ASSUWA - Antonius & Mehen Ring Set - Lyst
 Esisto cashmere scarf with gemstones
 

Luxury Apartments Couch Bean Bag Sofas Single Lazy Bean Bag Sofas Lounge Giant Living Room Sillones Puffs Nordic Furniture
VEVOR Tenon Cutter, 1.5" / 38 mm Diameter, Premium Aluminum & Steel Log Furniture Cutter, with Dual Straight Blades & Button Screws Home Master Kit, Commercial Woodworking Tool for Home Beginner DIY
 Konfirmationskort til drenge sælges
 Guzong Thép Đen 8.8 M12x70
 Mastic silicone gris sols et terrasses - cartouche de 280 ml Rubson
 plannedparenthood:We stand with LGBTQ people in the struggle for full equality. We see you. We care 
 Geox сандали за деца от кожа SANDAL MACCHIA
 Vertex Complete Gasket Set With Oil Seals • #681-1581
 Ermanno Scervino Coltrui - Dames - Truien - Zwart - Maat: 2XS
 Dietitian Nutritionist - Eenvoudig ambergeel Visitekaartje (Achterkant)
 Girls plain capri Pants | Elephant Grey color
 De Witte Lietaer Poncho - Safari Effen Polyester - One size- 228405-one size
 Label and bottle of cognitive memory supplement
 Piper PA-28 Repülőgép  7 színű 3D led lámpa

···

Directions:
Your reply must contain exactly the lines from the first line of the data through the line holding "Vertex Complete Gasket", and nothing more.

Written answer:
ASSUWA - Antonius & Mehen Ring Set - Lyst
 Esisto cashmere scarf with gemstones
 

Luxury Apartments Couch Bean Bag Sofas Single Lazy Bean Bag Sofas Lounge Giant Living Room Sillones Puffs Nordic Furniture
VEVOR Tenon Cutter, 1.5" / 38 mm Diameter, Premium Aluminum & Steel Log Furniture Cutter, with Dual Straight Blades & Button Screws Home Master Kit, Commercial Woodworking Tool for Home Beginner DIY
 Konfirmationskort til drenge sælges
 Guzong Thép Đen 8.8 M12x70
 Mastic silicone gris sols et terrasses - cartouche de 280 ml Rubson
 plannedparenthood:We stand with LGBTQ people in the struggle for full equality. We see you. We care 
 Geox сандали за деца от кожа SANDAL MACCHIA
 Vertex Complete Gasket Set With Oil Seals • #681-1581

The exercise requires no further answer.